Il mondo delle strutture residenziali di assistenza venete ormai è una piccola giungla. Nell’assenza – più che decennale – di una normativa e col crescere della crisi, che da un lato ha toccato le famiglie cambiando la qualità della domanda e dall’altro le stesse strutture, in questi anni è andata crescendo una forte disomogeneità tra i diversi istituti e tra gli stessi territori.
Una disomogeneità che si traduce in gestioni e forme giuridiche diverse (con molte privatizzazioni avvenute), differenze nelle rette a carico dell’utenza che arrivano anche al 70% di divario, servizi e rapporto personale/utenti a volte molto differenziati così come lo è il trattamento dei lavoratori cui sono applicati contratti e rapporti di lavoro diversi.

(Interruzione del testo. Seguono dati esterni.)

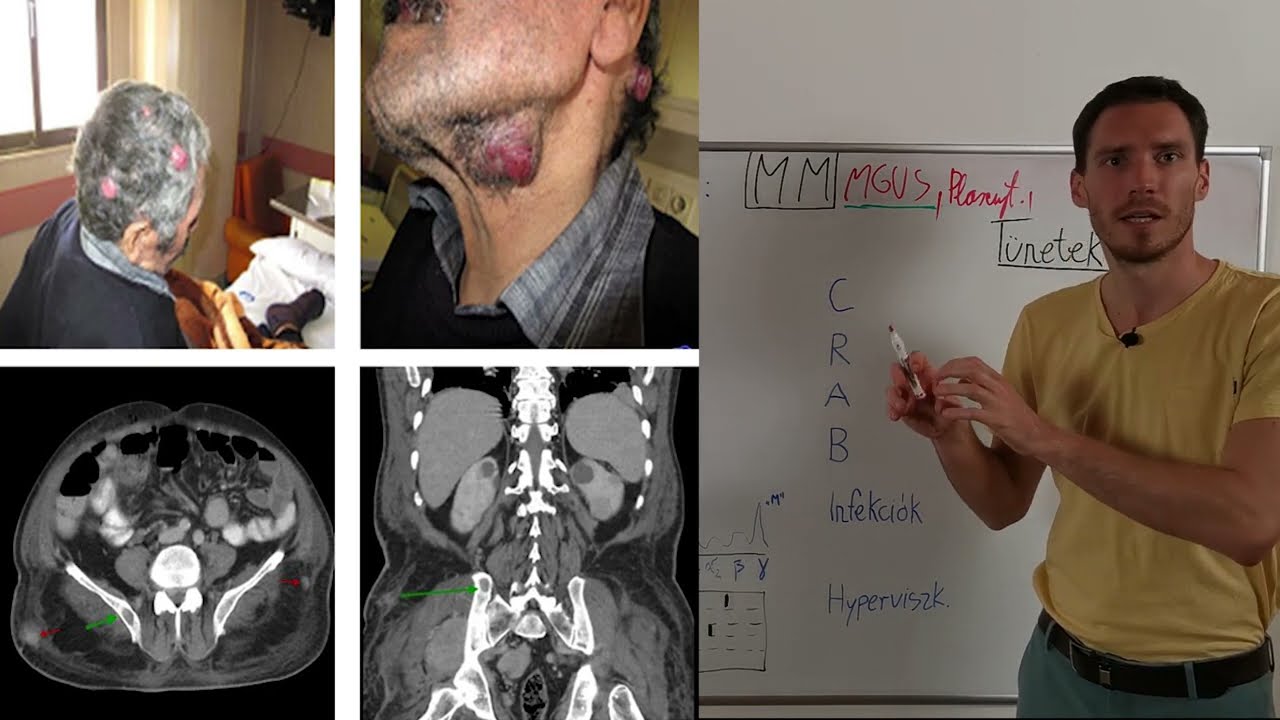 Myeloma Multiplex 1/2 - miért alakul ki? Milyen tüneteket okozhat?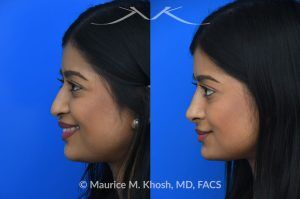 Photo of a patient before and after a procedure. Liquid rhinoplasty - This delightful patient was interested in smoothing a nasal hump and elevating and enhancing her droopy nasal tip. Less than 1 cc of filler was used to achieve these results.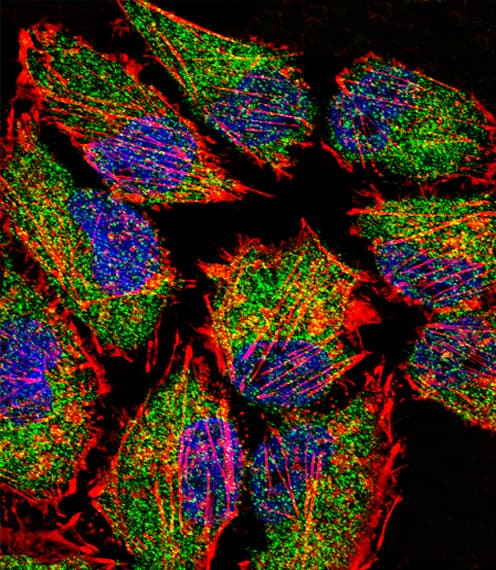 KDM1A / LSD1 Antibody (aa108-142)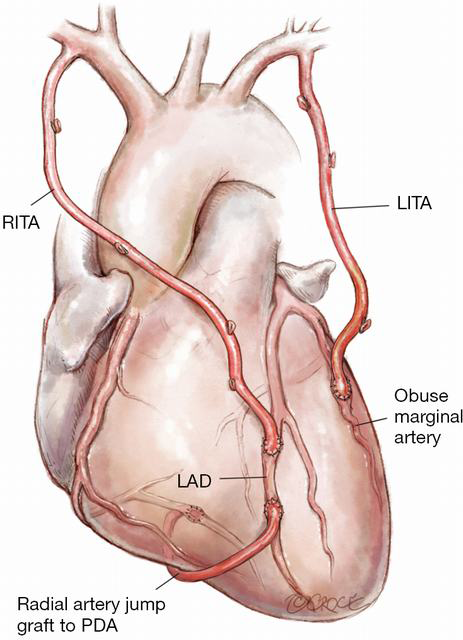 Download How I Deploy Arterial Grafts Taggart Annals Of Cardiothoracic Surgery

A fronte di questo panorama, la nuova proposta di legge regionale di riforma (dopo un vuoto di quindici anni dalla legge nazionale che la prevede) presentata dalla stessa Giunta (Pdl 25/2015 “Disposizioni per la trasformazione delle istituzioni pubbliche di assistenza e beneficenza e per la disciplina delle aziende pubbliche e delle persone giuridiche di diritto privato di servizi alla persona”) sembra insufficiente ad affrontare la complessità della materia e fissare obiettivi e parametri in grado di riportare ad una logica unitaria – e pubblica – ed a qualificare maggiormente un sistema che va ricondotto all’ambito socio-sanitario, acquisendo anche funzioni legate ai servizi territoriali.
Per questo Cgil Cisl Uil e le rispettive categorie della Funzione Pubblica e dei pensionati hanno presentato una proposta da portare ad uno specifico confronto con la Giunta regionale oltre che sottoporre al Consiglio veneto ed alle rappresentanze degli Enti Locali.